Icelandic Sheep
Icelandic Sheep:  A Perfect Match

As novice shepherds, we were looking for a breed of sheep that was hardy and could survive our inexperience. We also wanted a breed that was a manageable size and produced a nice fleece. After weeks of research and many hours of conversation with other shepherds, we decided on Icelandic sheep.

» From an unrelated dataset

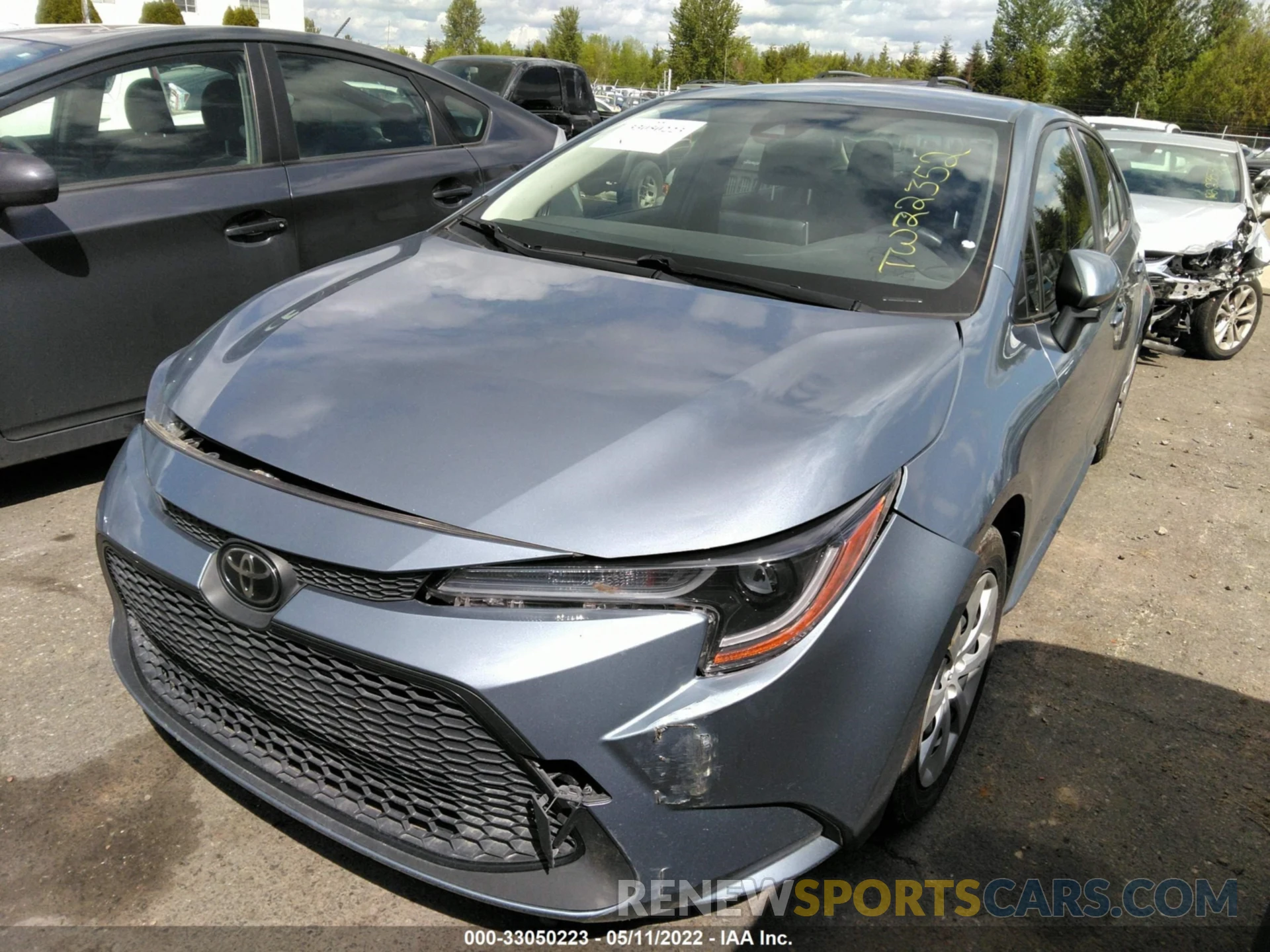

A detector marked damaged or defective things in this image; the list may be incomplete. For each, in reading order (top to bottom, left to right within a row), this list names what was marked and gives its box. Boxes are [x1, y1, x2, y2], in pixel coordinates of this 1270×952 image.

white damaged car [1102, 132, 1270, 360]
white car crumpled hood [1132, 194, 1259, 257]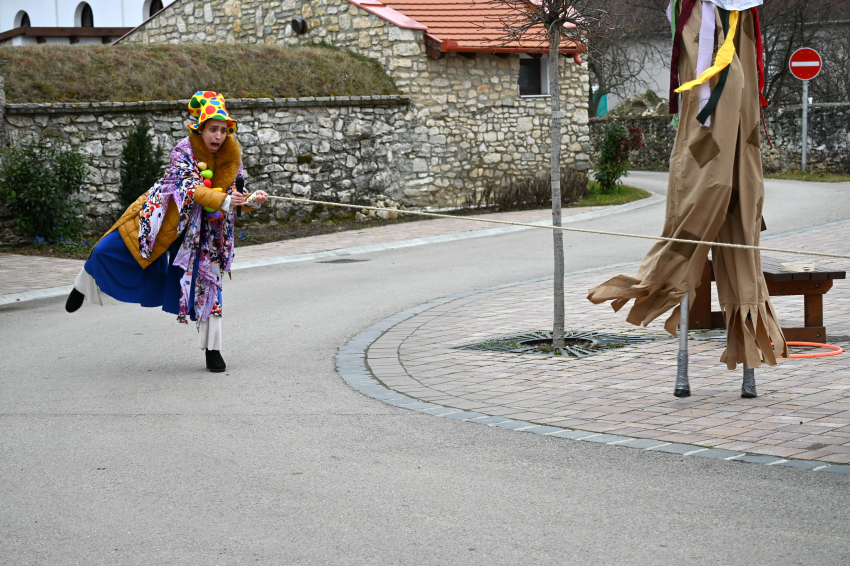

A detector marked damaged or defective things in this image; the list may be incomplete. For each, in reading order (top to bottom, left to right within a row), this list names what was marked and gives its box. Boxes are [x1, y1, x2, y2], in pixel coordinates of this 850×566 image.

The Icelandic sheep is one of the oldest and purest breeds of sheep. Barbara Webb of Massachusetts introduced these wonderful animals into the United States. Although their numbers and popularity have grown, there are still relatively few in relation to other breeds of sheep in the US. The breed is naturally short-tailed, eliminating the need to dock the tail. This was a major selling point for us. They can be horned (both male and female) or polled (no horns). I personally prefer horned Icelandic. I find them much easier to grab when it is time for hoof trimming and worming. Icelandic sheep are well known for their fiber, meat and milk production. But I have also come to love their personalities; each different in their own special way. Icelandic sheep are a medium size breed with full-grown ewes weighing 132 to 160 lb. and rams weighing 198 to 220 lb.. One of the interesting aspects of the Icelandic breed is that it has "grass based" genetics. The sheep have survived the centuries in Iceland on grasses and browse alone. They are a hardy breed which was another attractive feature for us novices here in New England.

Icelandic Sheep
Another great feature, from our perspective, is that Icelandic ewes are seasonal breeders, beginning to come into heat in late October and continuing to cycle until May if not bred. Because we have limited space, we are able to run the rams and ewes together for most of the year. We only separate the rams and ewes from the end of September to the weekend after Thanksgiving. Their normal gestation is 142 days and lambs are born incredibly vigorous, getting on their feet within minutes of birth and nursing. Lambs reach sexual maturity early, with ewes commonly lambing at 11 to 12 months of age. Rams can start breeding at 7 to 8 months of age. Icelandic are very proficient breeders averaging 175% to 200%. Twins and triplets are fairly common.

Icelandic sheep have a wonderful variation of colors in the breed. Seventeen colors and patterns include white, cream, black, taupe and browns (moorit) in all shades, badgerfaces, mouflons and all shades of gray. There is also a gene that causes spotting and there are over 90 different recognized and named white markings.

Icelandic Ewe and LambIceland is best known around the world for their wool . The coat has 2 kinds of fiber, a soft under coat called the "thel" and a long coarser outer coat called the "tog." The tog fiber is strong, wears well and sheds rain and dirt. Thel is the soft downy undercoat, which provides loft for the outer coat and keeps the animal warm and dry. The two coats can be used together or separated relatively easy. The fleeces are open and not very greasy. Icelandic fleece has only a 29% shrink compared to 50% in modern breeds. That means that 6 lb. of Icelandic fleece will yield the same amount of fiber as 8 1/2 lb fleece from a modern breed. The average raw fleece weighs 4 to 7 lb.. The versatility of the wool, ease of spinning and the incredible color variations make this wool a hand spinners delight. The wool is also one of the best wool for felting, a craft that is fast becoming popular.

In Iceland more than 80% of a shepherd's income is from meat production. Icelandic lamb is considered to have sweeter meat and less fat than other breeds on the market. Lambs are born small but grow fairly fast. Lambs on good pasture should reach 80 to 100 lb. in four to five months, which is the ideal slaughter weight. Because the ram lambs reach market weight before the breeding season starts (which would give an off flavor to the meat), they need not be castrated.